Within the OM App, the Company offers 3 (three) levels of access, i.e., 3 (three) subscription plans, which differ in the scope of content provided, as follows:

  • Level 1 or Subscription plan 1 provides access to a collection of meditations categorized by field and to meditation programs.
  • Level 2 or Subscription plan 2 provides access to Level 1 content and additional access to the Oracle, i.e., Points in Time and Guidance of the Month.
  • Level 3 or Subscription plan 3 provides access to Level 2 content and additional access to content-based programs and a collection of advanced meditations.

Prices for individual subscription plans within the OM App are set out in the Online Store. Notwithstanding any changes to the prices of subscription plans in the Online Store, the price applicable at the time of the conclusion of the OM App Digital Content supply contract shall remain in effect for the Buyer throughout the entire duration of the subscription relationship. In the event that the OM App Digital Content supply contract is terminated for any reason and the Buyer enters into a new OM App Digital Content supply contract, the prices set out in the Online Store on the date of the conclusion of the new contract shall apply.

The Buyer shall have access solely to the Digital Content included in the purchased OM App subscription plan and only for the period for which the subscription fee has been paid.
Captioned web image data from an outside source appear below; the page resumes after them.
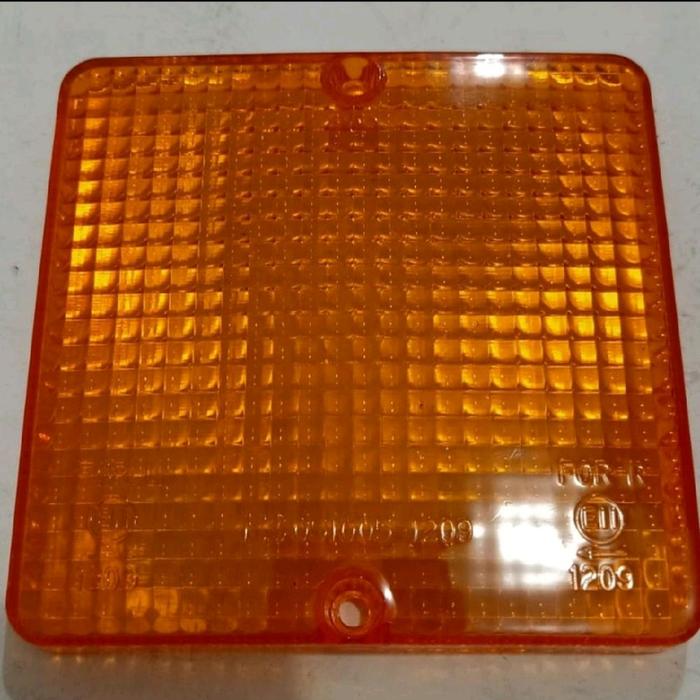 Mika Sen / Lampu Sein Belakang Mitsubishi PS100 Lama / PS120 Lama / PS Umplung Ragasa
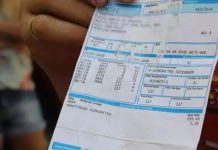 Conta de água terá ajuste para evitar acúmulo de tributos em 2027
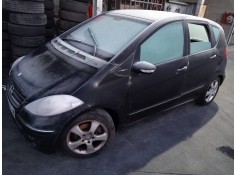 mercedes clase a (w169) del año 2008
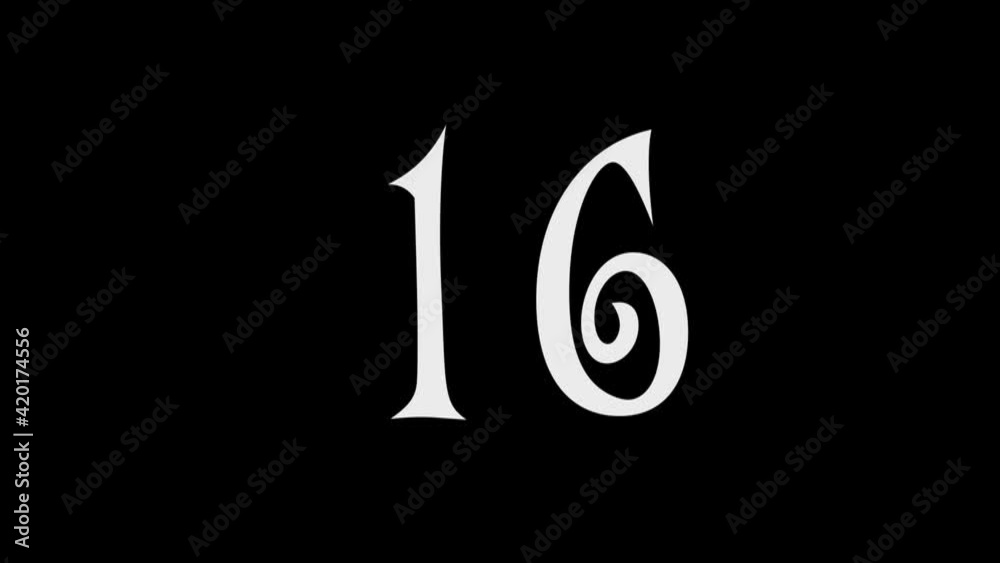 16 16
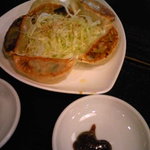 Jage na - 焼き餃子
Statements in the Ordering Process

In the purchase process of the selected OM App subscription plan, the Buyer must expressly consent (i) to the commencement of performance of the Digital Content supply contract during the withdrawal period, and (ii) to the consequent loss of the right of withdrawal from this distance contract. Upon Order Confirmation, the Company shall immediately enable access to the purchased OM App subscription plan and notify the Buyer by electronic communication that access to the Digital Content is available.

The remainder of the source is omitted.